Even if you're not a particularly high earner, there are steps you can take to free up more cash to save for retirement. For one thing, cut a few expenses from your budget, whether that means dining out less frequently or unloading a car. Or consider getting a side job. It doesn't matter what you do to carve out some money for savings as long as you actually make it happen.
Securing your own financial future
Though you can expect your expenses to go down in retirement to a certain degree, as a general rule, you'll need about 80% of your preretirement income to live comfortably during your golden years. Since Social Security will only provide about half that amount (assuming you're an average earner), it's up to you to bridge that glaring gap. Of course, there's always the option to live an extremely frugal lifestyle as a senior. But unless you're willing to cut out all luxuries (think simple ones like cable, your cell phone, and the occasional movie or restaurant meal), you'll need to establish a healthy level of savings.
The good news? As long as you're still working, you have a great opportunity to catch up. Currently, workers over 50 can contribute up to $25,000 a year to a 401(k) and $7,000 a year to an IRA. If you're not in the habit of saving anything, or are currently only setting aside a fraction of what the current annual limits look like, then maxing out a 401(k) or IRA may not be feasible. But that doesn't mean you can't save more than what you're currently saving -- especially if your current annual contribution amounts to $0.
In fact, let's imagine you're 60 years old with no money saved for the future at all. If you start saving $400 a month today and continue doing so for the next 10 years, you'll have a $66,000 nest egg if your invested savings generate an average annual 7% return during that time. Is that a ton of money to retire on? Not exactly. But it's sure better than nothing.
Of course, that figure assumes you're only willing to work until 70. If you're able to plug away and keep saving at the aforementioned level until age 75, you'll end up with more than $120,000 in retirement, all other things being equal. And that leads to another important point: If you're behind on savings at present, consider extending your career. Working longer achieves two essential goals: it lets you add to your nest egg, all the while leaving your existing savings untouched for longer.

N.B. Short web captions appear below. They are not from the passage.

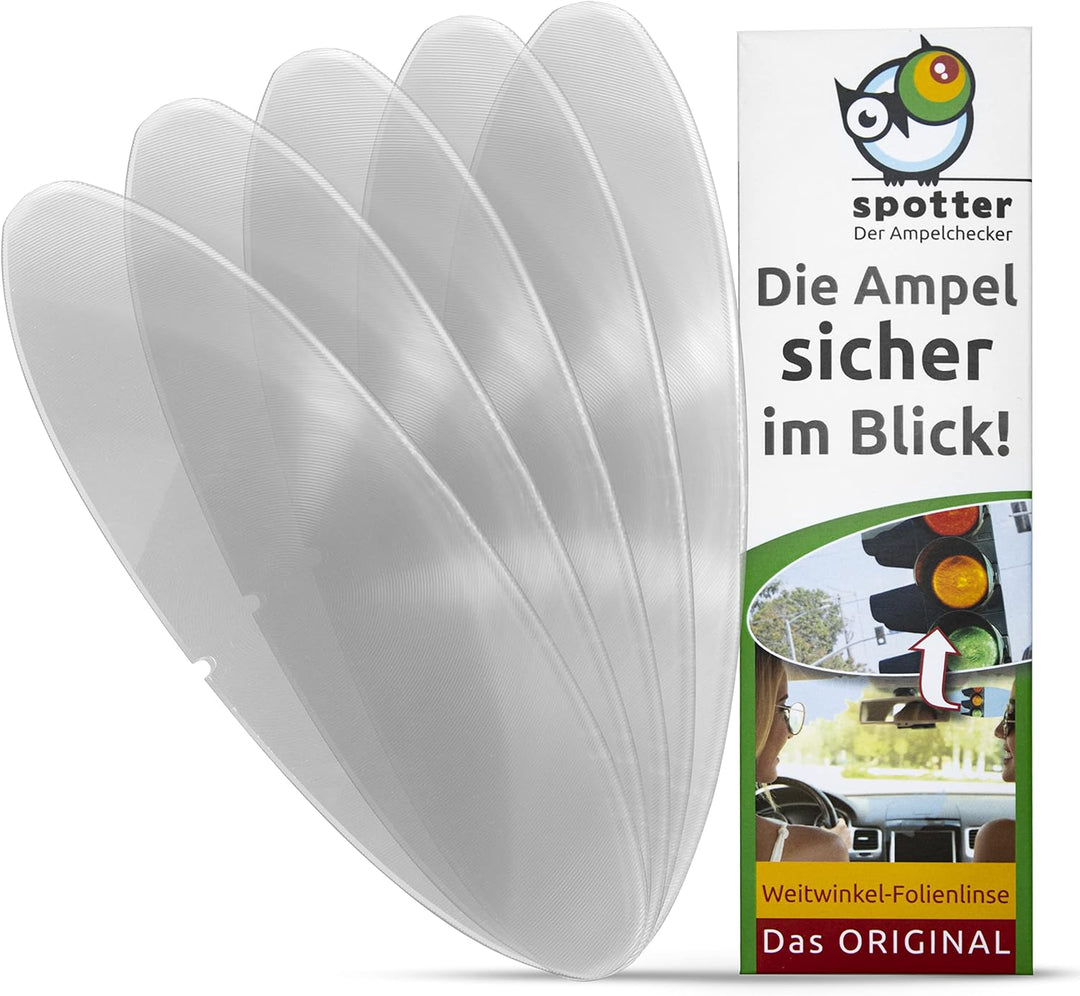 Spotter Ampelchecker - 5er Set – Fresnel-Linse für die Autoscheibe – selbsthaftende Weitwinkellinse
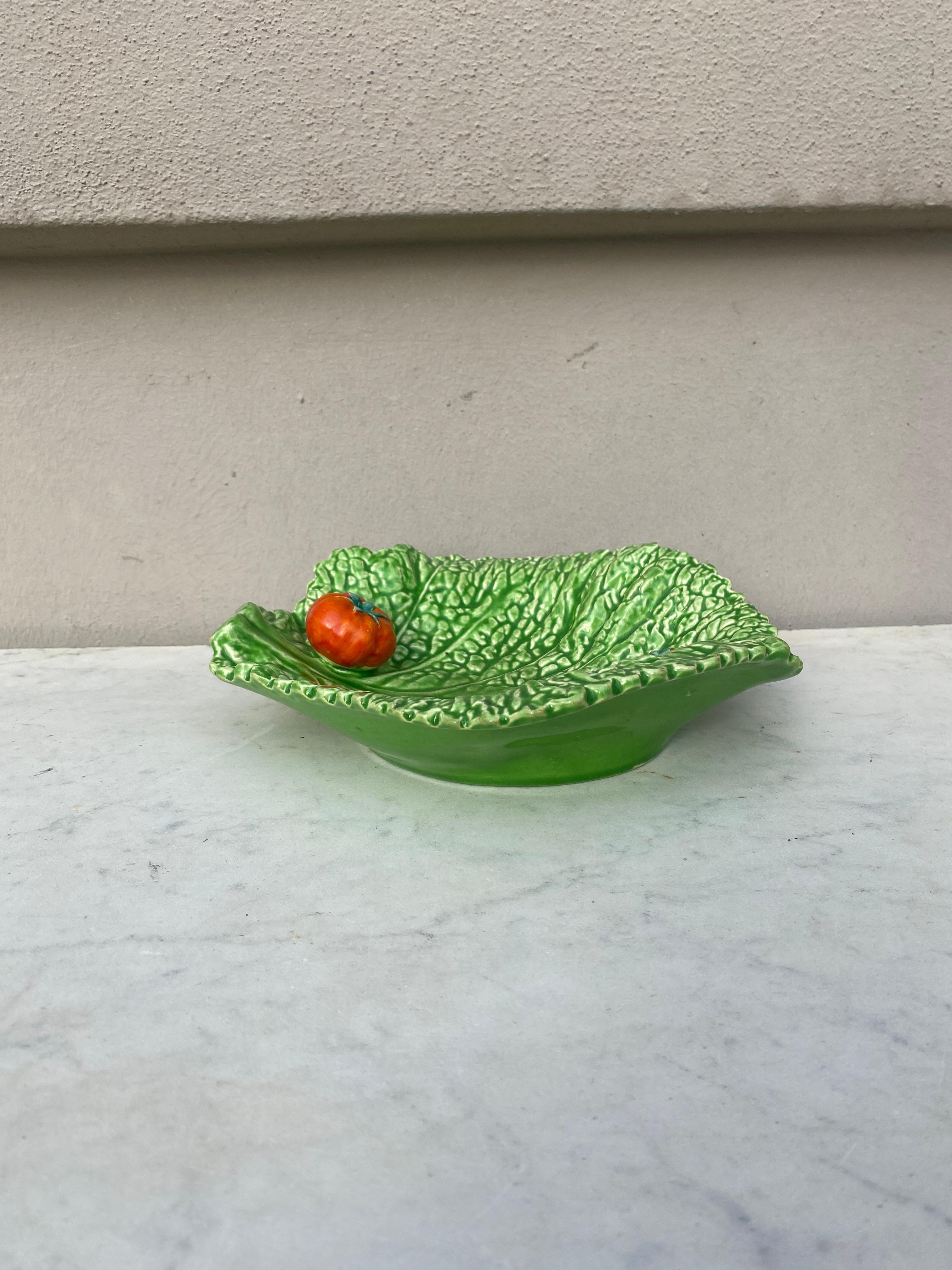 Ceramic Majolica Leaf & Tomato Platter Sarreguemines, circa 1930 For Sale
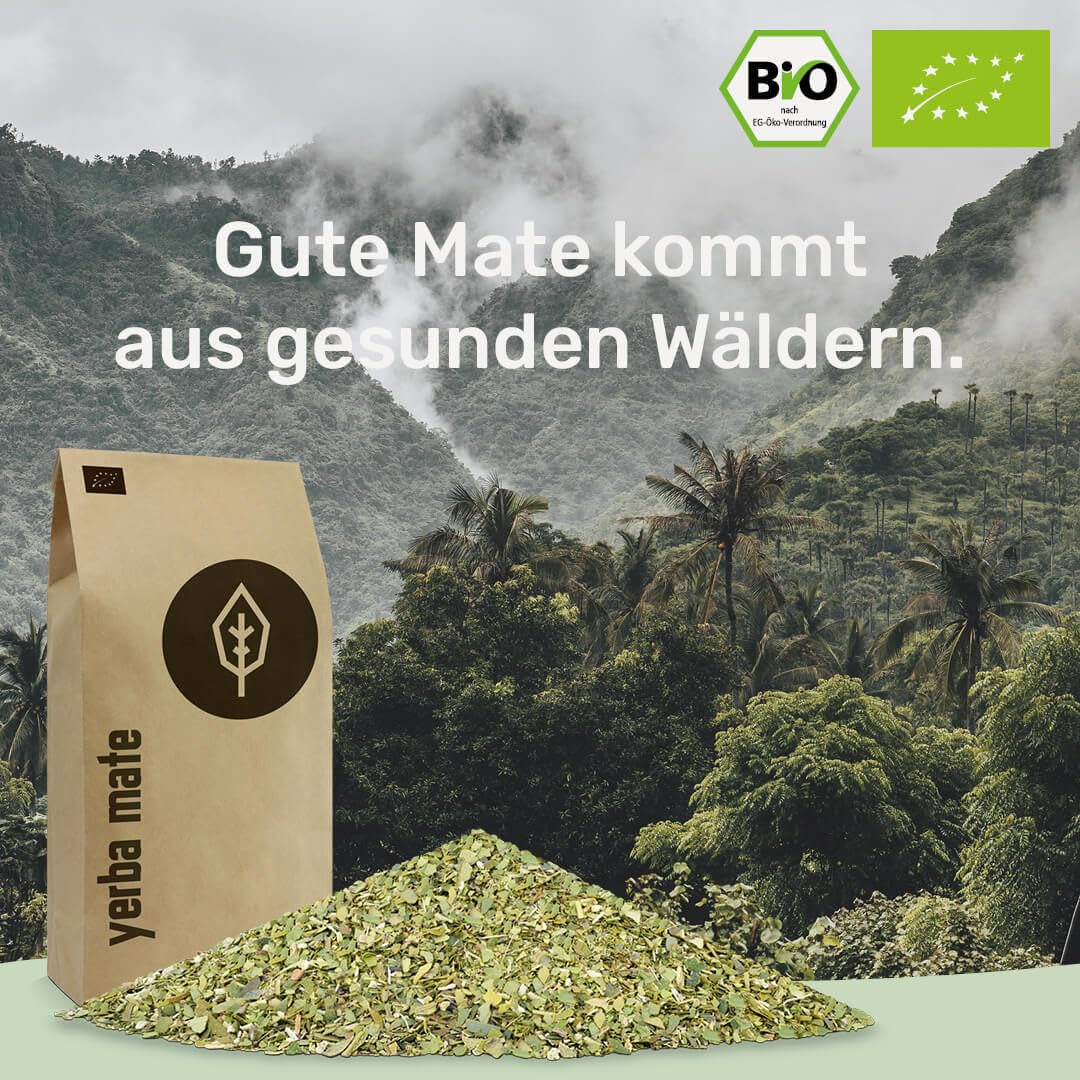 BIO Herbata Yerba Mate 1 kg ● Oryginalna ● Dojrzała ● Niepalona ● Suszona na powietrzu ● Bezdymna ● Bez plastiku ● Sprawiedliwy Handel ● Herbaty Mate z liści mate, kawałków mate i sproszkowanych liści mate ● DE-ÖKO-006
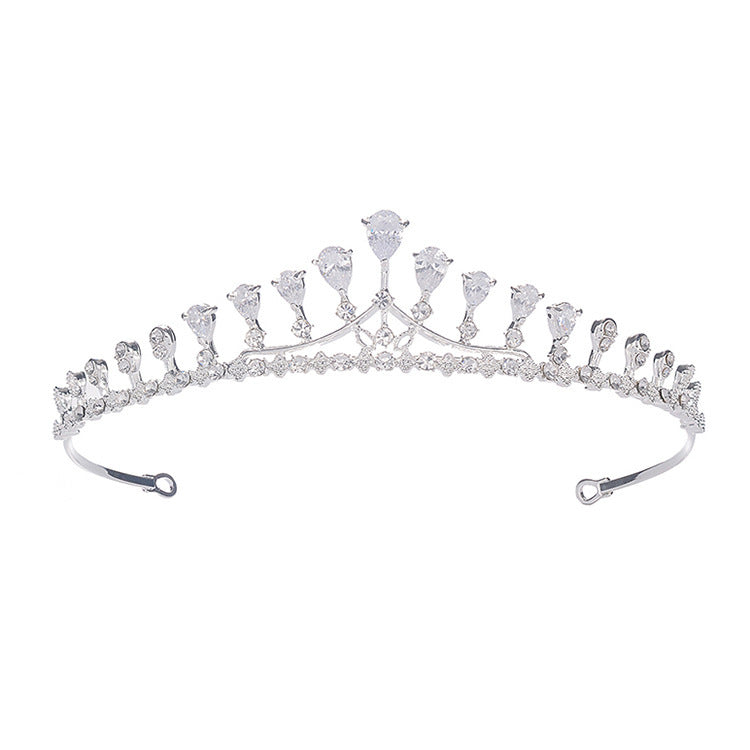 Simple Rhinestone Silver Headband Crown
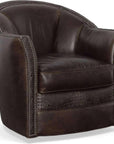Texas Love Leather on Hide Western Swivel Club Chair - LOOMLAN - Uptown Sebastian - Club Chairs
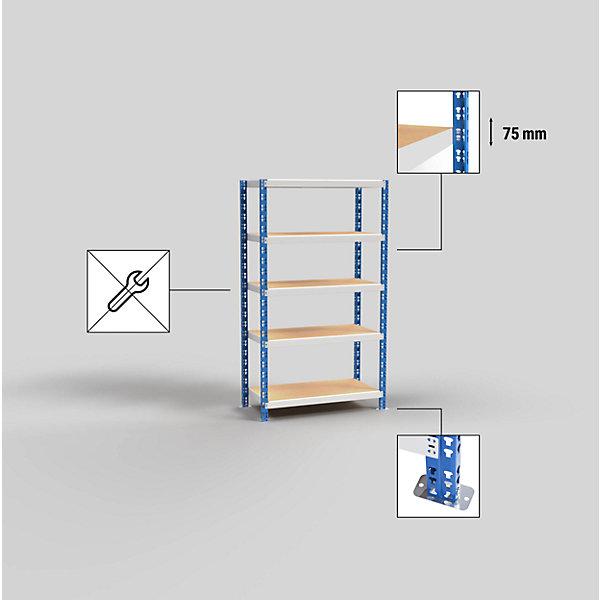 Actual product image eurokraft basic Wide span boltless shelf unit with chipboard shelves, depth 700 mm, extension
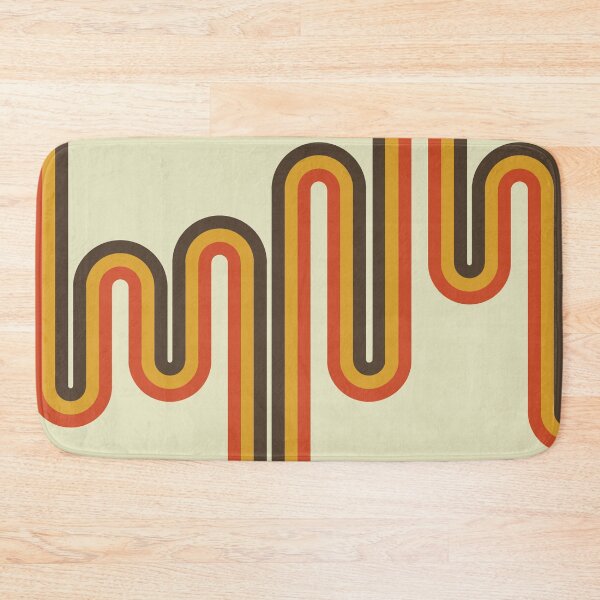 Item preview, Retro 70s Aesthetic Supergraphic Stripes in Brown, Orange, Red, Pale Green-Yellow designed and sold by MadfishDesigns.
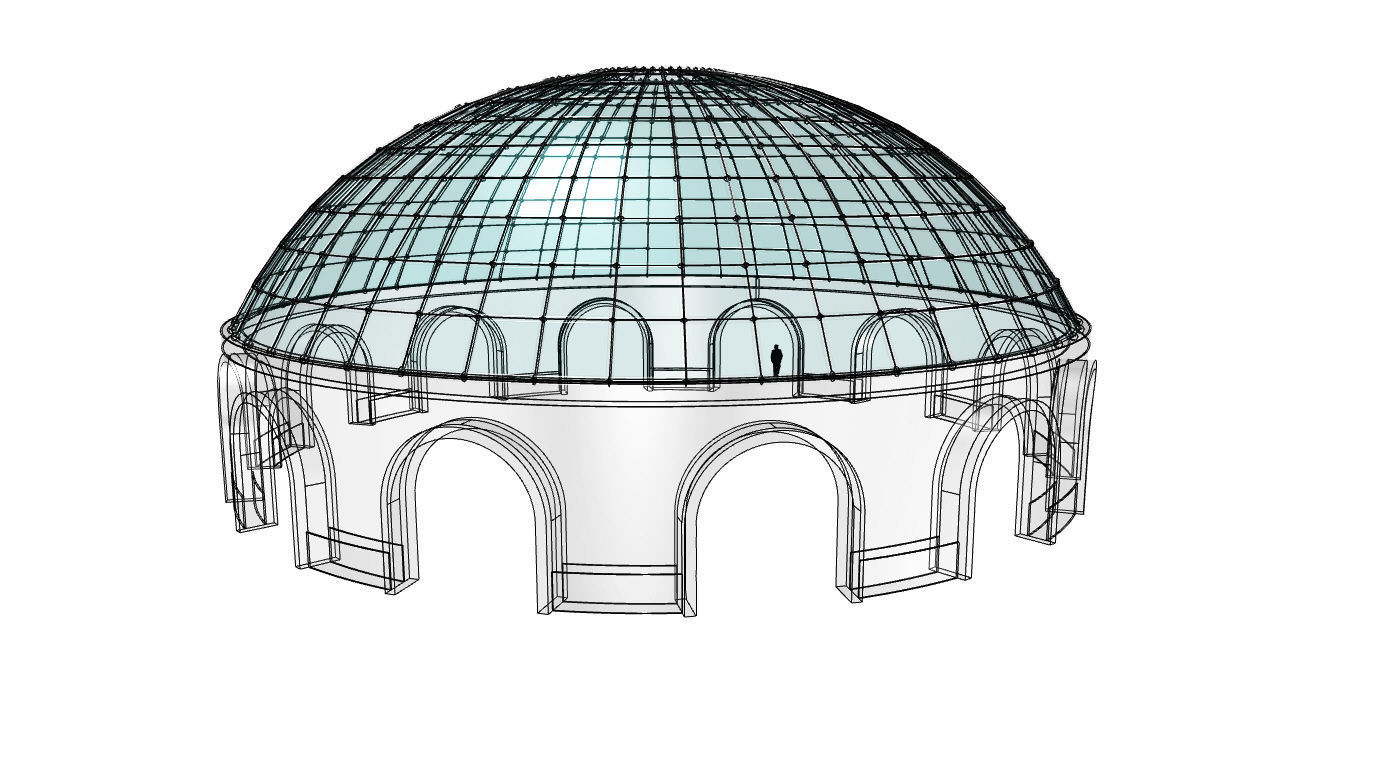 Dome Pavilion with Square Wireframe Structure and Panels v 3 3D model_80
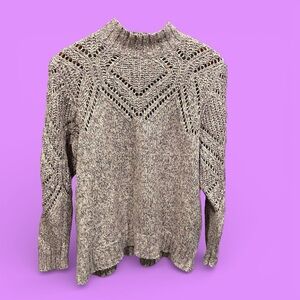 Cute Torrid lavender heather marled crochet knit mock oversized sweater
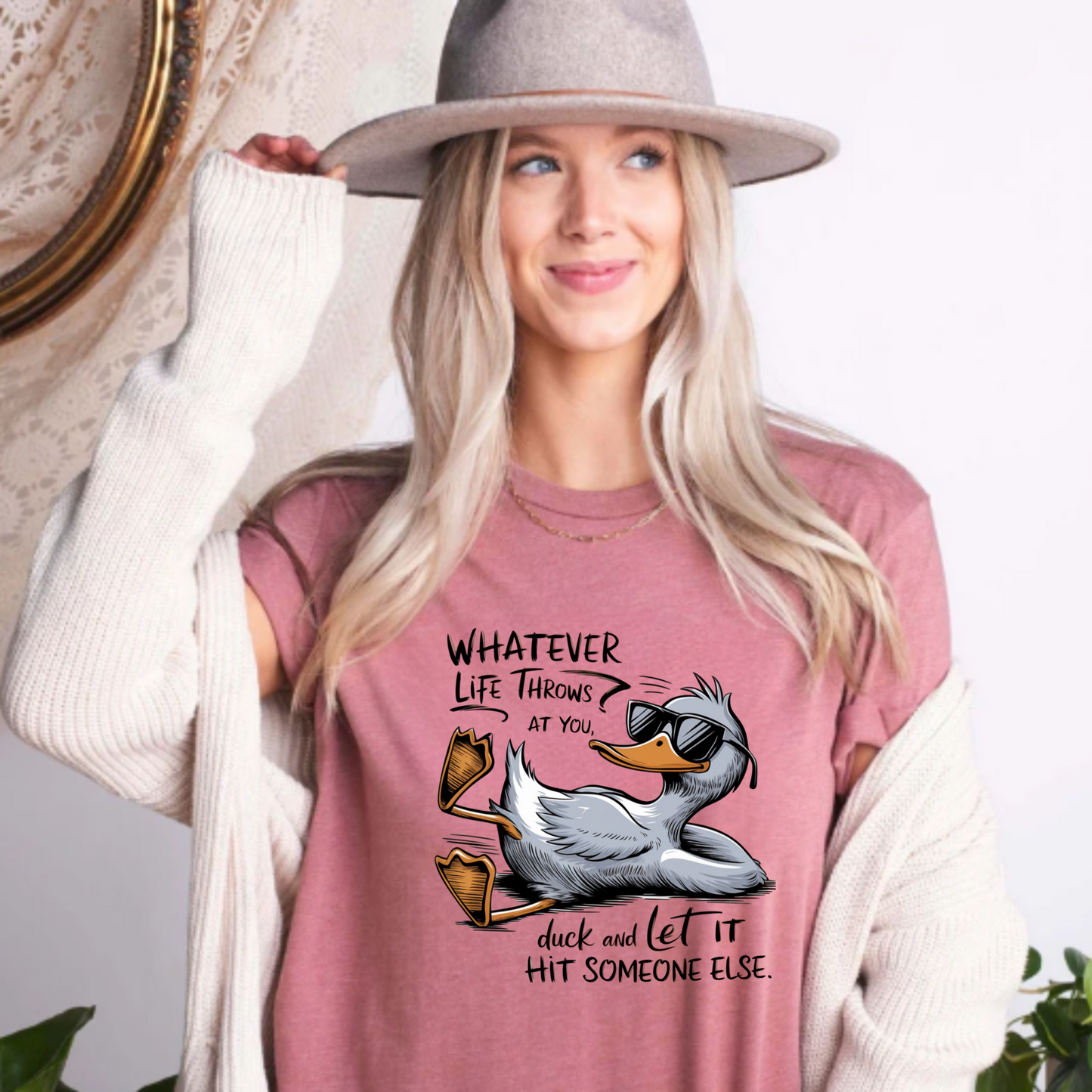 Whatever life throws at you, duck and let it hit someone else funny tee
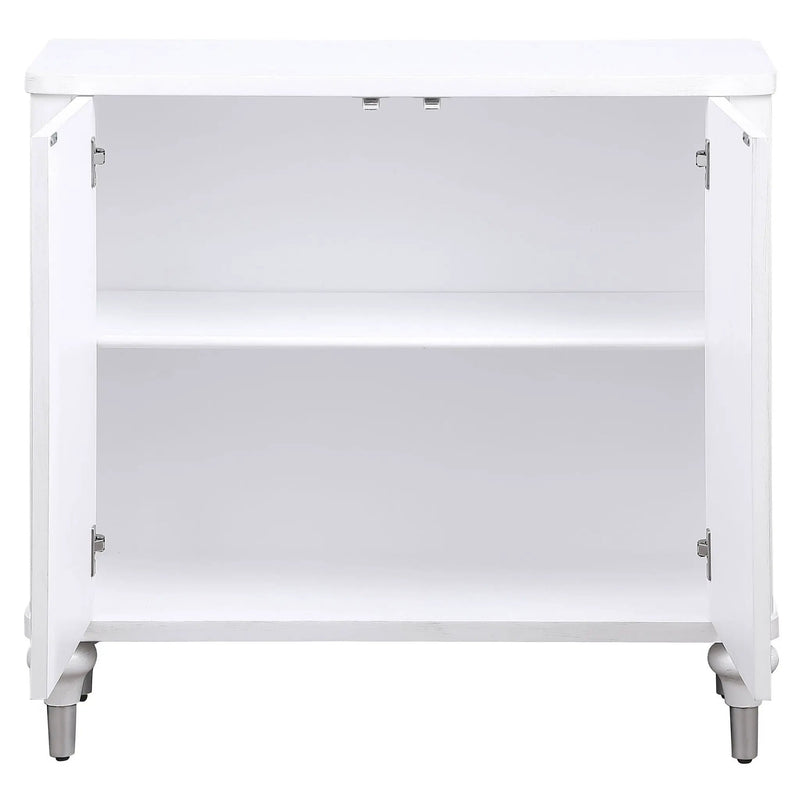Cardella 2-door Mandala Accent Cabinet Distressed White by Unique Piece Furniture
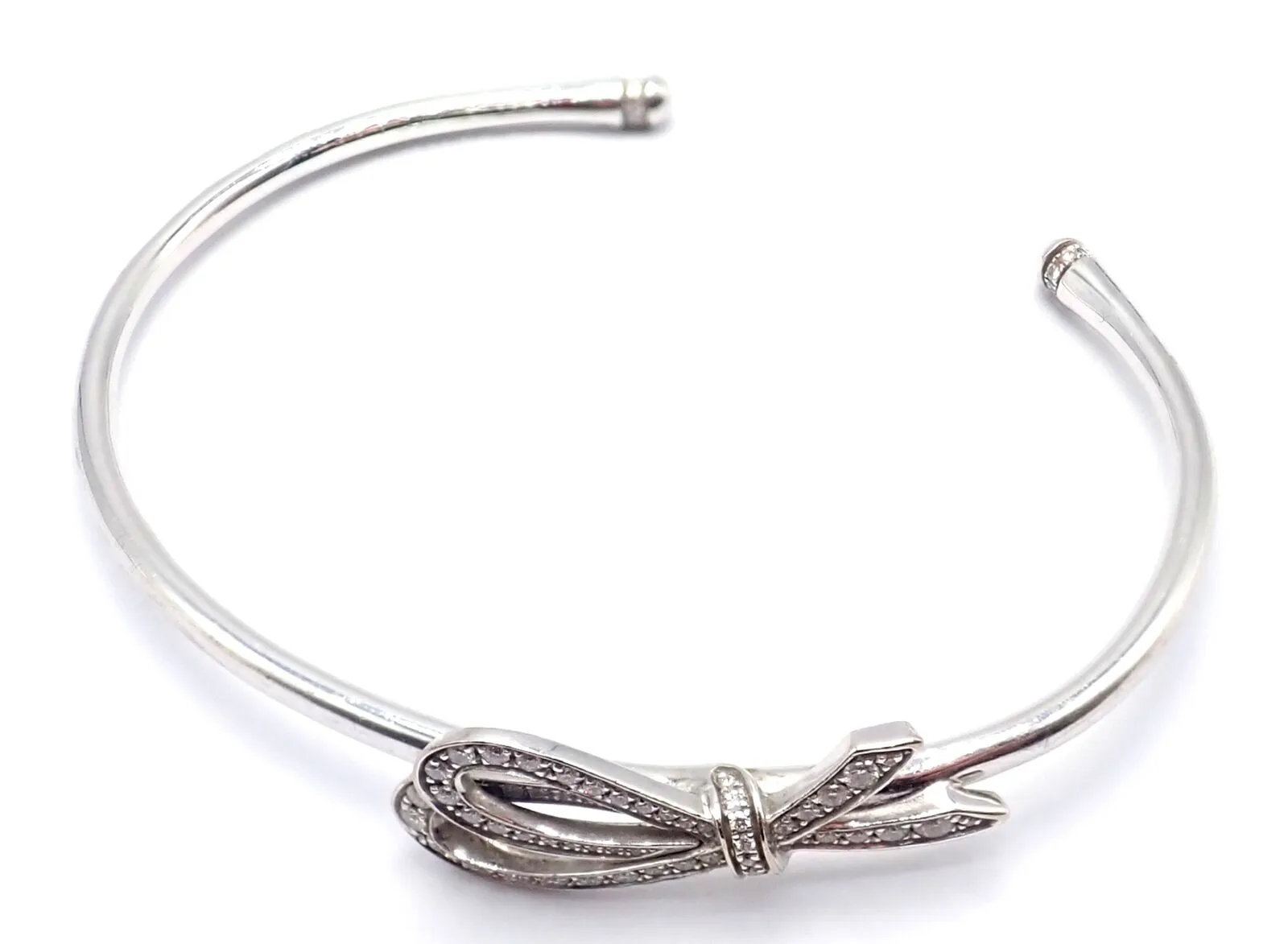 Authentic! Tiffany & Co 18k White Gold Diamond Bow Ribbon Bangle Cuff Bracelet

Another thing: Working longer can help you boost your Social Security benefits. For each year you delay benefits past your full retirement age (which is either 66, 67, or somewhere in between depending on your year of birth), you'll boost them by 8%. This incentive, however, runs out at age 70, so while it still pays to work past then if you're behind on savings, doing so won't add to your benefits.
There's no question about it: You'll need savings of your own to live comfortably in retirement. And the sooner you recognize that, the sooner you can make changes that shape your golden years for the better.